The World is experiencing a moment of stand-still during the events of Covid-19 pandemic. Surely it is affecting each one of us in many different ways. To some this means fear and uncertainty about the future, economic difficulties, to others – inspiration and time to create. This period brings ideas into surface, raises questions and debates about our healthcare and economic systems, ecological, political and social issues.
This is a series of posts featuring creative expressions made during Covid-19 pandemic, or previous works that are particularly relevant during these times of change.
Today we are share a performance piece by Smiha Kapoor, Indian artist, currently based in Singapore, where she is studying fine arts in Lasalle College Of the Arts.
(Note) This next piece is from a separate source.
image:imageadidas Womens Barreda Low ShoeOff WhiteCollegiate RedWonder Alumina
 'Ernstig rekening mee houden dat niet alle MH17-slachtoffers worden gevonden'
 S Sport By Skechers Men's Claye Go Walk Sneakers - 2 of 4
“I employ the use of an installation performance ritual to comment on the nature of this destruction and disconnect, and how it has in-turn played a role in paradoxically destroying the human life itself. The piece highlights the horrors of the Covid-19 pandemic, instigated by an imbalance in the ecosystem by us humans. The work starts by exploring the suffocation and the helplessness caused due to the quarantine and comments further on the notions of ‘home’ and human existence. Using the concept of ‘paradox’ between life and death, strength and vulnerability, connection and disconnection, the work is intended to awaken a deeper awareness into our own actions and rekindle our moral sense of responsibility towards a conscious and more compassionate life.”
“As a spiritually inclined individual, I view all existence through an innate sense of oneness. We’re a witness to the growing suffering of human existence in this age of technology. We’re also witnessing a time of blatant destruction of the natural world by the hands of humans. The need of the hour compels me to permeate deeper into remembering our all-prevailing connection with our natural environment and most essential, our own self. This has been the focus of my artistic intervention.
I revisit the sacred knowledge of connection in an attempt to understand the wounds of human existence more intimately and embark upon the process of taking responsibility of healing and raising awareness through my work.
I employ performance as my core medium for its potential to create direct and intimate connection with my work process and my audience. We understand connection through our physicality and so, I believe, it is through the same we hold to potential to remember our true and reawaken.
I’m often influenced with religious philosophies, traditions and ritualistic practices, elements and spiritual inspirations of which I often weave into my work to give them a voice beyond their limited context to make them universal and permeable through art.”